UK Web Archive blog

Information from the team at the UK Web Archive, the Library's premier resource of archived UK websites

The UK Web Archive, the Library's premier resource of archived UK websites

Introduction

News and views from the British Library’s web archiving team and guests. Posts about the public UK Web Archive, and since April 2013, about web archiving as part as non-print legal deposit. Editor-in-chief: Jason Webber. Read more

25 September 2024

Archiving the 2024 General Election

By Carlos Lelkes-Rarugal, Assistant Web Archivist

While the UK Web Archiving team have extensive experience archiving UK General Elections, the 2024 election presented us with significant challenges. Not only did we have less time to prepare, due to the snap election, but our usual workflows were significantly disrupted by the cyberattack that occurred on the British Library in October 2023.

To successfully archive the social media presence of prominent political figures and organisations, we turned to a new tool—one that could handle the high-fidelity crawling and archival of web content.

Challenges with Our Previous Workflow

Overview of the Previous Workflow

The UK Web Archive is a collaboration between the six Legal Deposit Libraries in the UK, working together building many collections. For each collection, we designate a voluntary lead to create a thorough scoping document, outlining the collection's purpose and the type of content to include.

Historically, we used the Annotation and Curation Tool (ACT), a web-based application that allowed us to create records for websites and build collections collaboratively. ACT made it easy to nominate new content or re-tag existing records of websites into specific collections. This system worked well for many years, but after the 2023 cyberattack, all of our systems were taken offline as a precaution. Consequently, we had no option but to adapt quickly, finding alternative workflows that minimised disruption.

Thanks to the web archiving technical team, we were still able to  archive websites, even without access to ACT and our servers. Instead, we transitioned to using online spreadsheets to manage nominations and cloud services to crawl, allowing us to maintain collaboration across institutions.

Collaboration is Key

Collaboration has always been at the heart of the UK Web Archive’s success. For example, during the 2017 General Election, many ACT users from the UK various Legal Deposit Libraries contributed to the collection-building effort, archiving circa 2300 websites. The 2024 General Election, however, was different. With ACT unavailable and with less time to prepare, we had to adjust quickly.

Our goal was clear: build a large collection in a short timeframe using new workflows and tools. The 2024 General Election collection concluded with around 2200 websites.

Each web archive collection can be broad in nature, and sometimes divided into subcategories. The 2024 General Election, like past elections, followed a familiar structure, which allowed for a more consistent comparison of general themes as well as the use of the web as a communication tool across the years. The scope of the collection was decided collaboratively, with a lead curator guiding the overall process. The strong representation of diverse political topics reflected the collective efforts of our colleagues and volunteers.

The Archiving Process

To understand how we archive websites, it’s helpful to think of online search engines.

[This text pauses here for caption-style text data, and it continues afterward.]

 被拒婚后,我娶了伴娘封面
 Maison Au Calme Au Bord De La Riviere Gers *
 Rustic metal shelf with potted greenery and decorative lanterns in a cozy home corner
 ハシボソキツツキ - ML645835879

Search engines crawl websites, extract information like text and images, and store it to provide search results. When archiving, however, we go further—we don’t just extract information; we attempt to download the entire website (with some exceptions), allowing us to recreate it in a web browser as closely as possible to the original.

We use Heritrix as our web crawler, to download website resources, and PythonWayback to reproduce archived copies from those downloaded resources. Previously, ACT served as the tool for curating the metadata (such as URLs, crawl depth, frequency and right’s information); this functionality metadata gives us the granularity to customise how we archive each website, which is used to drive Heritrix crawls.

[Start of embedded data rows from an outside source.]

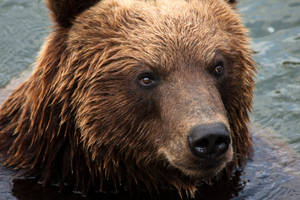 Preview Wallpaper Kamchatka Brown Bear, Bear, Muzzle Wallpaper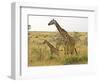 Maasai Giraffes Roaming, Maasai Mara, Kenya-Joe Restuccia III-Framed Photographic Print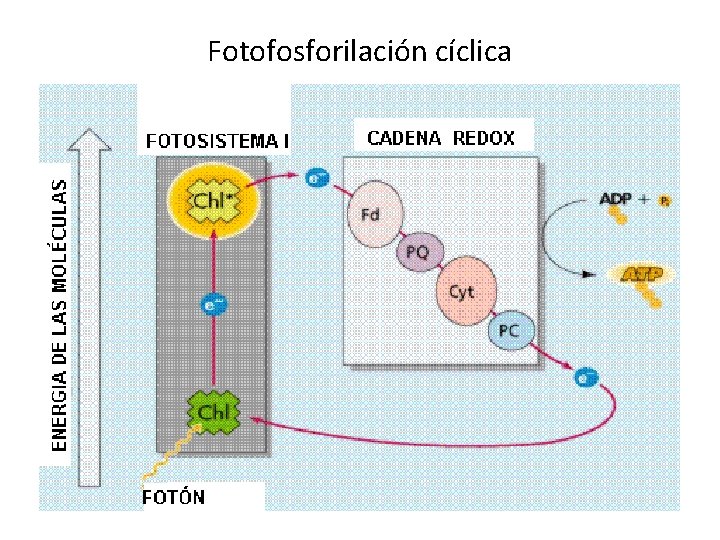 Fotofosforilación cíclica 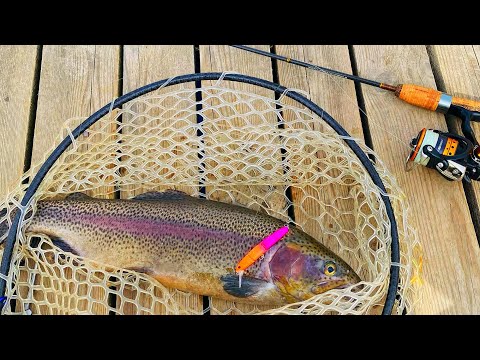 Видео: ФОРЕЛЬ выбирает ЭТОТ ВОБЛЕР Рыбалка на спиннинг Ловля форели весной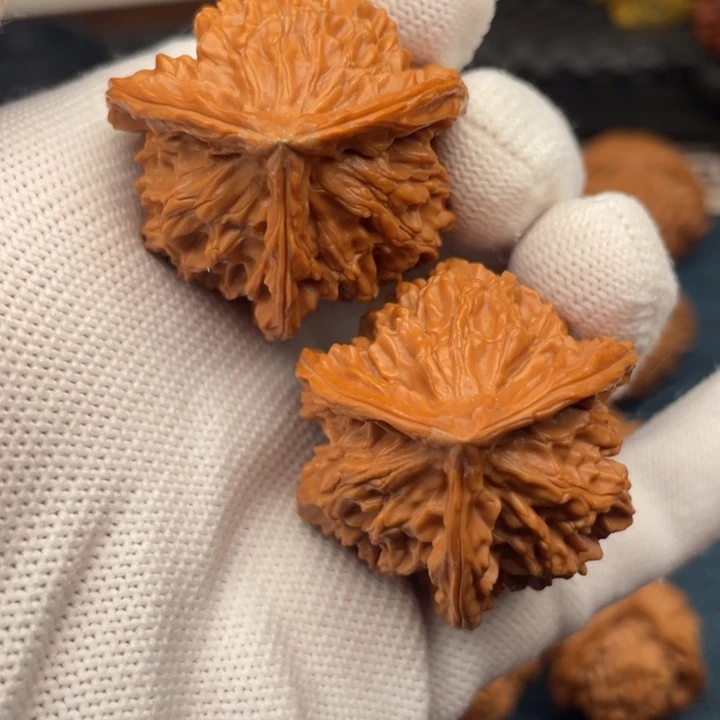 把件文玩核桃36盘山蜡皮奔同树果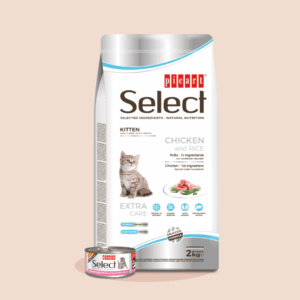 SELECT CAT KITTEN – PICART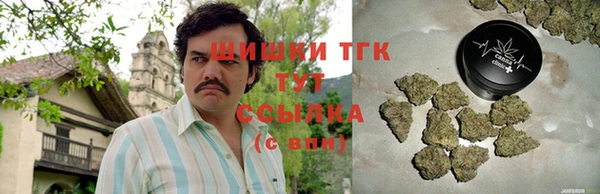 гидра Богданович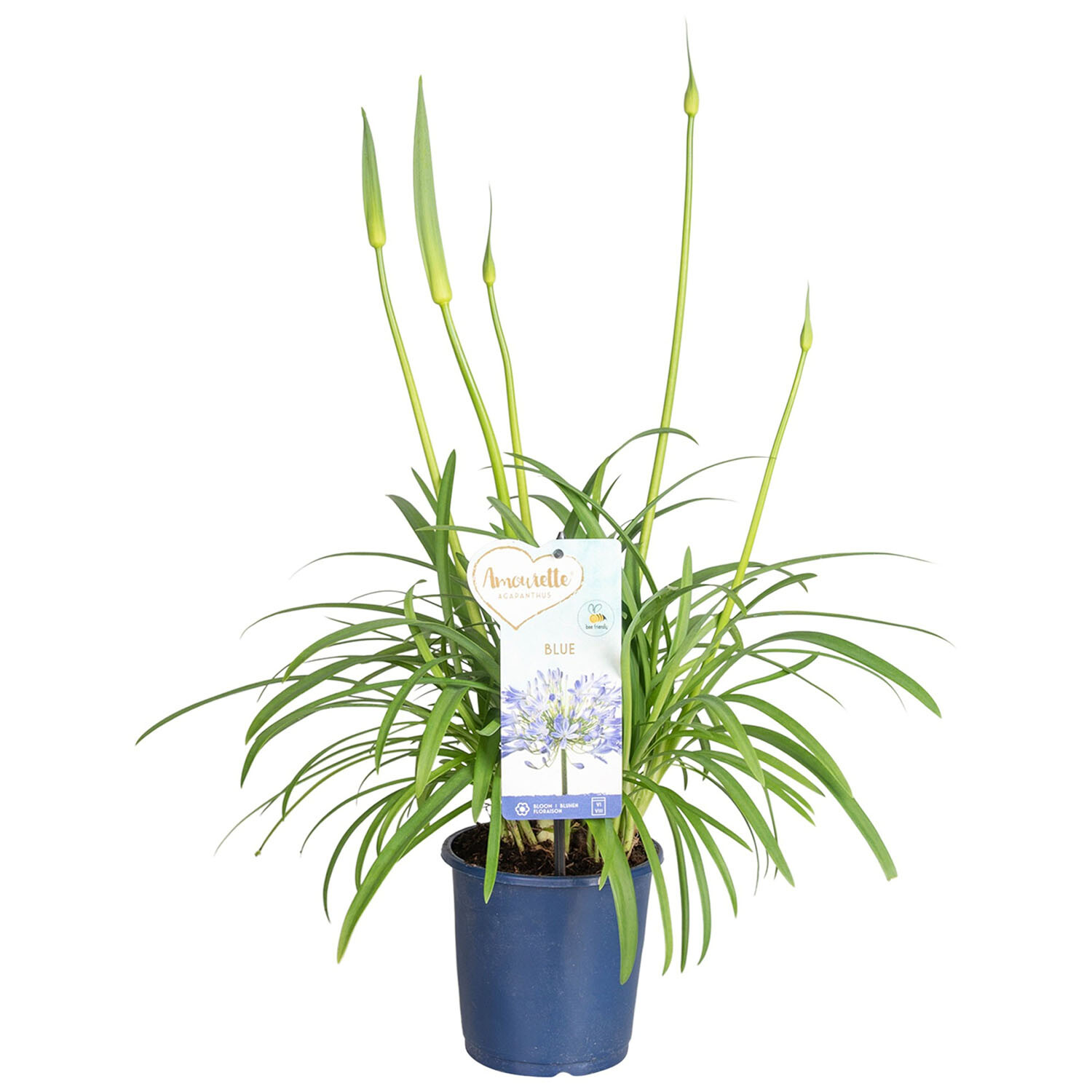 Agapanthus Blue 13cm - Blue Image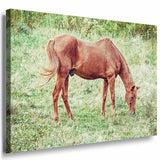 Pferd auf der Wiese Grun Leinwandbild AK Art Bilder Mehrfarbig Kunstdruck XXL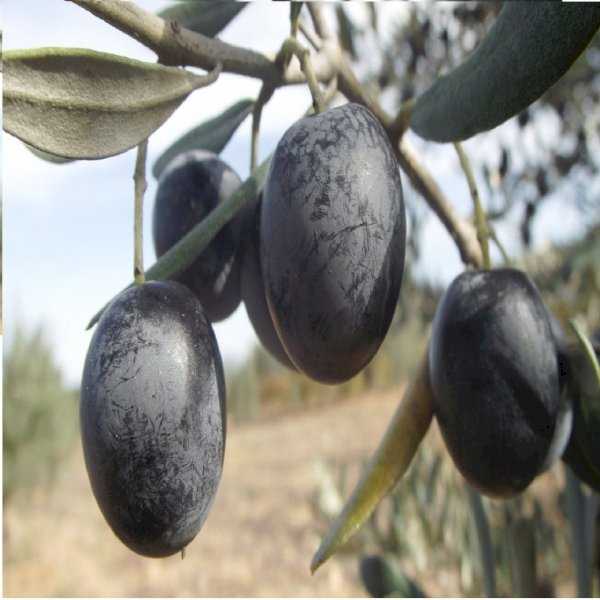 Gemlik Zeytin Fidanı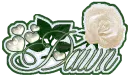 white rose with dawn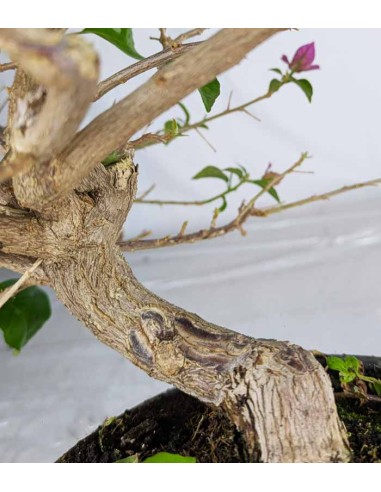 Bonsai Bougainvillea Glabra a S di 10...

After the cyberattack, our systems were offline, but we wanted to retain as much of our old workflow as possible. Heritrix remained our main crawler, but without ACT, we needed a new method for collaboration and for managing metadata. Our technical lead proposed using online spreadsheets to emulate ACT’s metadata fields, with each column representing a field needed for the Heritrix crawls. A custom script then transformed this spreadsheet data into a format Heritrix could use (.JSONL).

Here’s a simplified view of the workflow:

  1. Websites are nominated and listed in a spreadsheet with appropriate metadata
  2. The spreadsheet is transformed into a Heritrix-compatible format(.JSONL)
  3. Heritrix crawls the nominated sites, archiving the content.

Introducing Browsertrix

What is Browsertrix?

Browsertrix is the new application we adopted to archive social media and other complex web content. It offers advanced capabilities, such as high-fidelity crawling, that is particularly useful for platforms that are traditionally difficult to archive, like social media sites.

Why Browsertrix?

We chose Browsertrix for several reasons. Its ability to handle JavaScript-heavy websites made it a natural fit for capturing modern web content. We had also experimented with the platform in its early development phase, so we knew what to expect.

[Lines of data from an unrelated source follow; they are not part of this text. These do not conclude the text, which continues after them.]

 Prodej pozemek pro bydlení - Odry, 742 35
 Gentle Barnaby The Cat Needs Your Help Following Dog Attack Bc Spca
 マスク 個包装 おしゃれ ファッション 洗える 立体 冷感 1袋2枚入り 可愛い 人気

It is important to note that Browsertrix is open source and can be deployed locally (something we were very close to completing prior to the cyberattack), but it also offers a paid-for cloud service; something we were keen to sign up to given our situation.

Key Features

  • High-Fidelity Crawling: Browsertrix can accurately capture dynamic and interactive content from social media platforms.
  • Ease of Use: Browsertrix was relatively easy for our team to adopt, thanks to its intuitive interface and extensive documentation. It is also used by many International Internet Preservation Coalition (IIPC) members, so we could draw on them for additional information and support if needed.

By using Browsertrix, we addressed many of our current challenges; we’ll cover our use of Browsertrix in more detail in another blog post.

Bringing It All Together

Though we anticipated the 2024 General Election, we didn’t expect it to be called as quickly as it was. Early in 2024, we had already started discussing what the archival process might look like in a post-cyberattack environment. When the election was officially announced, we quickly organised, dividing tasks and focusing on different political parties and subcategories.

The new workflow was tested and, with few changes, was ready to go. We chose Google Sheets to manage website nominations, which were then downloaded weekly as .TSV files, and then transformed into.JSONL for Heritrix to ingest. Meanwhile (and separately), Browsertrix was used to archive social media and other difficult-to-capture content. The adoption of two workflows for the 2024 General Election—one traditional, using Heritrix, and another experimental, using Browsertrix, meant that in a relatively short time, we were able to collaborate effectively to archive a wider range of content than previous General Elections. In terms of successful collection building, we succeeded at:  

  •       organising and managing the division of work
  •       remote collaboration using online spreadsheets
  •       deploying two separate archival workflows that focused on different types of content
  •       quickly adapting to and learning new technologies
  •       effectively communicating and giving timely feedback

It's still uncertain what our workflows will look like once we're fully back online, but we're actively discussing and exploring various possibilities. One thing is clear: we have a wealth of experience and technical expertise to draw upon, both from the Legal Deposit Libraries and our external partnerships. Regardless of the solutions we choose, we’re confident we’ll continue delivering our vital work.

18 September 2024

Creating and Sharing Collection Datasets from the UK Web Archive

By Carlos Lelkes-Rarugal, Assistant Web Archivist

We have data, lots and lots of data, which is of unique importance to researchers, but presents significant challenges for those wanting to interact with it. As our holdings grow by terabytes each month, this creates significant hurdles for the UK Web Archive team who are tasked with organising the data and for researchers who wish to access it. With the scale and complexity of the data, how can one first begin to comprehend what it is that they are dealing with and understand how the collection came into being?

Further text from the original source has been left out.